Transferring CDB MySQL data

release/20240425
English

Transferring CDB MySQL data

Article Summary

Share feedback

Thanks for sharing your feedback!

Available in Classic

Sqoop(SQL to Hadoop) is a tool that supports efficient data transfer between relational databases and Hadoop.
You can import the data saved in RDBMS to HDFS for analysis in HDFS, and also export the analysis results to RDBMS. You can also send the data to HDFS, Hive, HBase, Accumulo, etc.

This guide introduces the method for migrating the data of NAVER Cloud Platform's Cloud DB for MySQL to Cloud Hadoop using Sqoop.
Please refer to Using Sqoop for more information about using Sqoop and its commands.

Preparations

Create Object Storage.
- Please refer to the Object Storage Guide for more information about creating Object Storage.
Create a Cloud Hadoop cluster.
- Please refer to Getting started with Cloud Hadoop for more information about creating Cloud Hadoop cluster.
Create a Cloud DB for MySQL.
- Please refer to Getting started with Cloud DB for MySQL for more information about creating Cloud DB for MySQL.
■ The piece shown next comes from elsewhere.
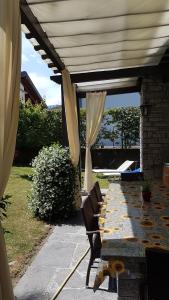eine Terrasse mit einem Tisch und einem Sonnenschirm in der Unterkunft Bed & Breakfast Gli Oleandri in Stresa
Data migration using Sqoop

The Sqoop client is installed by default in master node and data node servers, excluding the edge nodes. You can proceed with the migration without installing the Sqoop client separately.

Access the server by referring to Connecting to cluster nodes through SSH, and proceed with the following steps in order.

1. Create a Sqoop account to access Cloud DB for MySQL
2. Set ACG
3. Create sampling table and data
4. Data migration with Sqoop command

1. Create a Sqoop account to access Cloud DB for MySQL

Use the Cloud DB for MySQL console's Manage DB user menu to enter settings information to create a Cloud DB for MySQL account.
The IP addresses of Cloud Hadoop servers can be viewed from the Ambari web UI.

DB settings information

User_ID: mig_acct
Host (IP): IP range of the Cloud Hadoop server
10.10.10.%
Password: Set arbitrarily

hadoop-chadoop-use-ex4_1-1_en

2. Set ACG

Set ACG to enable the Cloud Hadoop master node server 2 to access the Cloud DB for MySQL.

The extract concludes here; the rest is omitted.